We are used to deriving functions with only one variable, usually $x$
However, there are actually more often more than just one variable we need to consider
Differentiating many variables with respect to only one of them is called Implicit Differentiation.
In a sense, all differentiation is implicit; thus, implicit differentiation uses the same rules and techniques that we are familiar with
Remember, $d(anything)$ is an operator; it tells you which variable you are deriving with respect to
If you take the derivative of a variable with respect to itself, the answer is always 1 (i.e. $\frac{dz}{dz}=1$)
$\frac{dy}{dx}\cdot \frac{dx}{dz}=\frac{dy}{dz}$
In most cases, you will be asked to find $dy$; this means you will be deriving $dx$ (with respect to $x$).

Examples of Implicit Differentiation

When faced with a problem involving implicit differentiation, you must take the following course of action:

a) Derive both sides of the equation
b) use algebra to separate and solve for the desired derivative

Suppose you have an equation $2x^3+x^2y+y^2=4$, and you are asked to find the derivative of $y$. This implies that you will be deriving with respect to $x$.
First step: derive the entire function using the chain and product rules: $2x^3+x^2y+y^2=4 \rightarrow 6x^2+2xy+y'x^2+2yy'=0$.
Now, use algebra to separate what we want to solve for by pulling out the common factor ($y'$): $6x^2+2xy+y'(x^2+2y)=0$
Finally, just solve the equation: $y'=\frac{-6x^2-2xy}{x^2+2y}$. This is the equation for $\frac{dy}{dx}$.

Parameters of Geometric Figures

\begin{array}{|c|c|c|} \hline \textrm{Shape} & \textrm{Volume} & \textrm{Surface Area}\\ \hline \textrm{Circle} & \textrm{Area} =\pi r^2 & \textrm{circumference} = 2\pi r \\ \hline \textrm{Cylinder} & V=\pi r^2 h & SA=2\pi r h +2 \pi r^2\\ \hline \textrm{Cone} & V=\frac{1}{3}\pi r^2 h & SA=\pi r l + \pi r^2 \\ \hline \textrm{Sphere} & V=\frac{4}{3} \pi r^3 & SA=4 \pi r^2 \\ \hline \textrm{Cube} & V=a^3 & SA=6a^2\\ \hline \textrm{Pyramid} & V= \frac{1}{3} lwh & SA=\frac{1}{2}Pl+B \\ \hline \end{array}

Related Rates

Related rates are applications of derivatives; thus, they often deal with real-world situations.
If you are faced with a related rates problem, this generally means that you are dealing with two or more things that are changing at the same time and are affecting each other as they do so.
An example would be a faucet filling up a conical well.

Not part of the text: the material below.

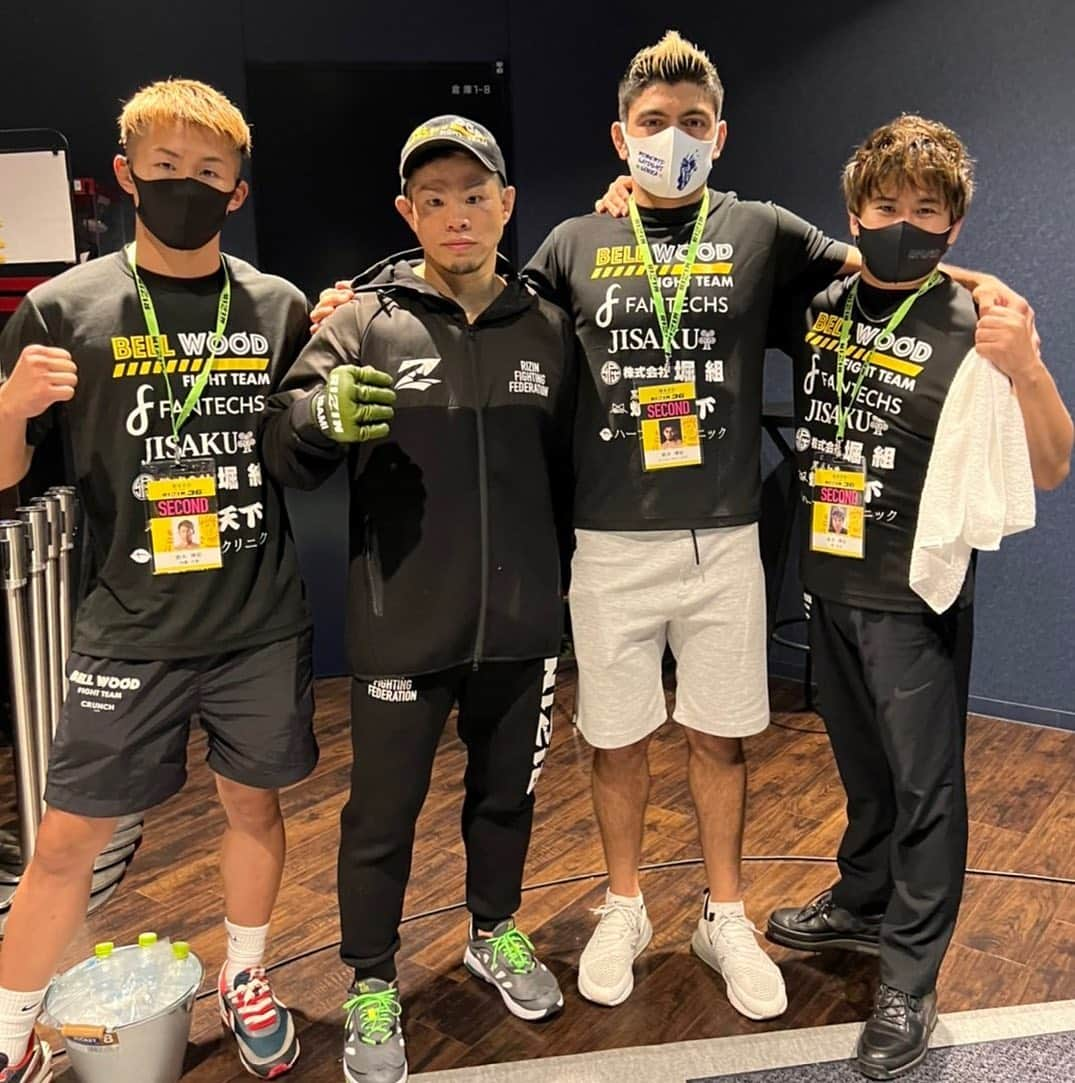 鈴木博昭のインスタグラム：「応援ありがとうございました。  RIZIN.36   結果は1-2判定負け、絶対に落としてはいけないぞと自分に言い聞かせて毎日毎日積み重ねてきました。  それでも結果にならず、負けると全てが水の泡となり日常を否定された気分に苛まれます。 しかしそれをしてしまうと仲間達と過ごした日々も否定する事になるので、それは出来ません。 それはかけがえのない時間だったし後悔はなく、心からの感謝の気持ちだけです。  ここまで一緒に練習、応援、サポート、関わって下さった方々に心から感謝いたします。  ありがとうございましたッ‼︎  対戦してくれた平本君ありがとうございましたッ‼︎  @rizin_pr  @bonsai_japan_oficial  @bellwood_gym  #応援  #ありがとうございました」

The water is leaving the faucet at a constant rate, while the well is filling slower as it gets more full.
Here are the steps to solving problems involving related rates:
Identify that it is a related rates problems: In general, problems dealing with related rates will include some type of geometrical figure, whether 2D or 3D. However, this does not have to be the case. A related rates problem is any problem where you are dealing with two or more variables changing at the same time.
Write down your known and unknown variables: this only takes a second, and can be immensely helpful, especially when dealing with more variables.
Write function: write a function in which relates all of the variables.
Derive: Take the derivative of the function. Since there is more than one variable, you will be using implicit differentiation. Most of the time, you will be deriving with respect to time, $dt$ (since real world rates are measured like this, i.e. kilometers per hour).
Substitute: plug your known variables back into the derivative equation.
Solve: use algebra to solve for the variable or rate that is needed.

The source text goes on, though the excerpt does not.